Assigned task:
A faithful copy of all the data is required; pictures should not be included.

Provided material:
::::
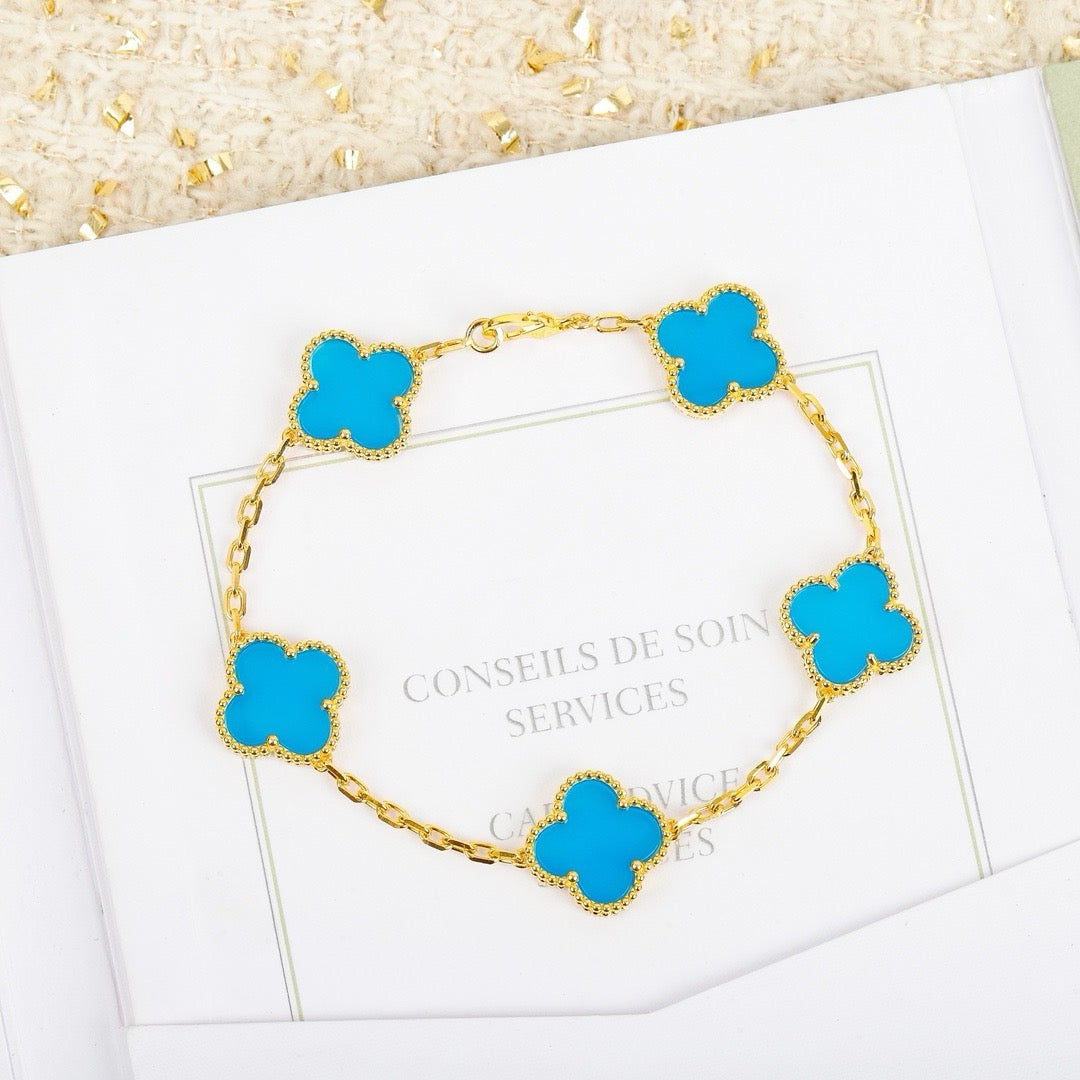 [Joyas Regalia]Pulsera de turquesa con cinco motivos de trébol
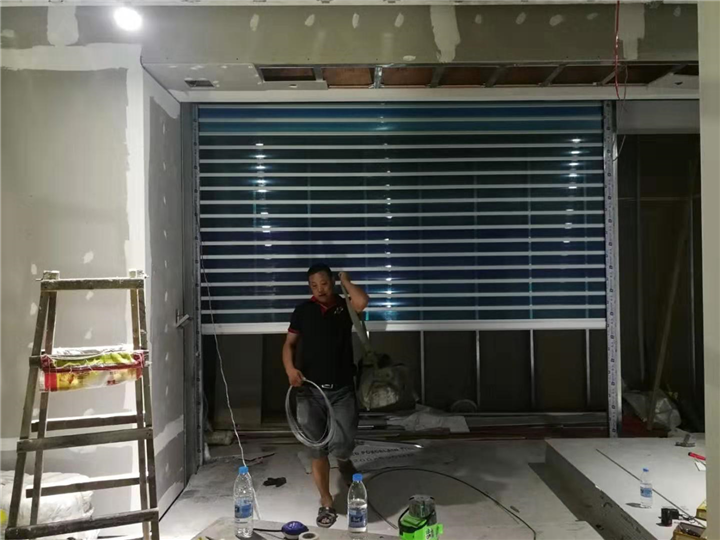 厦门水晶门安装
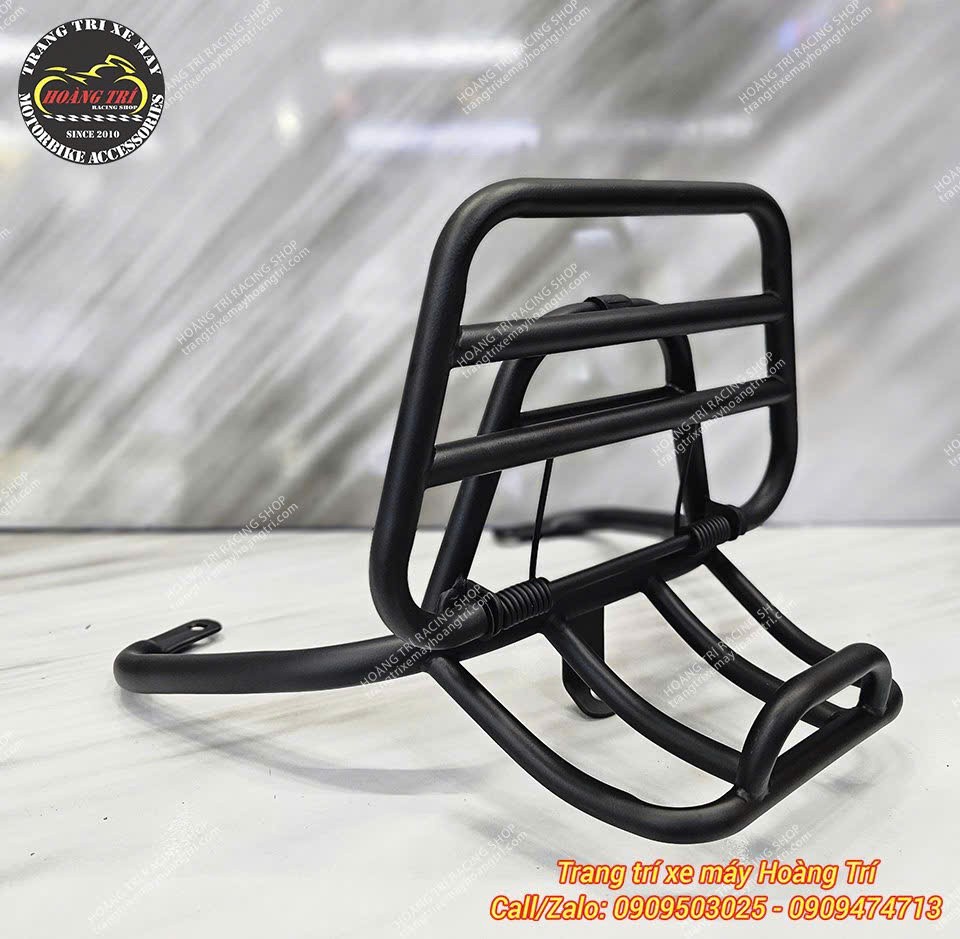 Cận cảnh baga sau Victoria 50cc thiết kế khung sắt sơn đen, tích hợp tựa lưng tiện dụng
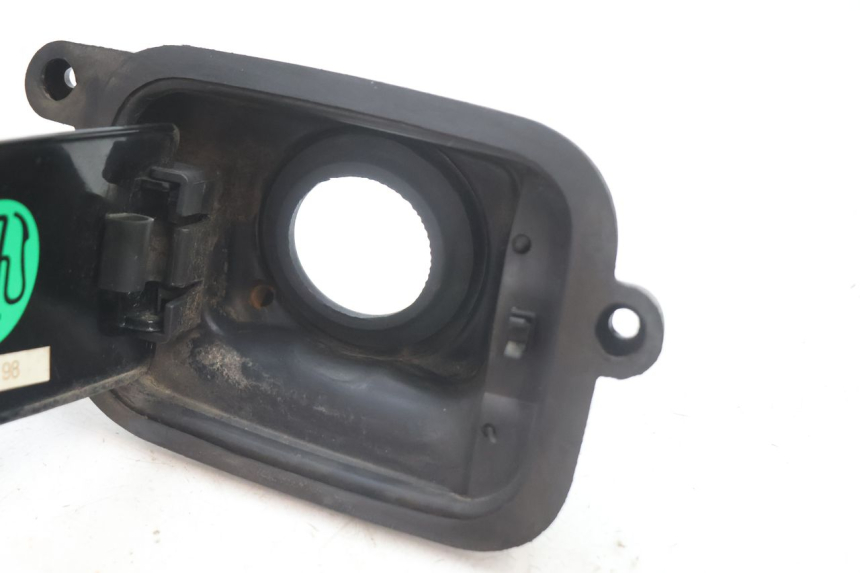 photo de TANQUE CUBIERTA YAMAHA YP MAJESTY 125 (2002 - 2006) - Detalles de los puntos de fijación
::::
Response area:
 [Joyas Regalia]Pulsera de turquesa con cinco motivos de trébol
 厦门水晶门安装
 Cận cảnh baga sau Victoria 50cc thiết kế khung sắt sơn đen, tích hợp tựa lưng tiện dụng
 photo de TANQUE CUBIERTA YAMAHA YP MAJESTY 125 (2002 - 2006) - Detalles de los puntos de fijación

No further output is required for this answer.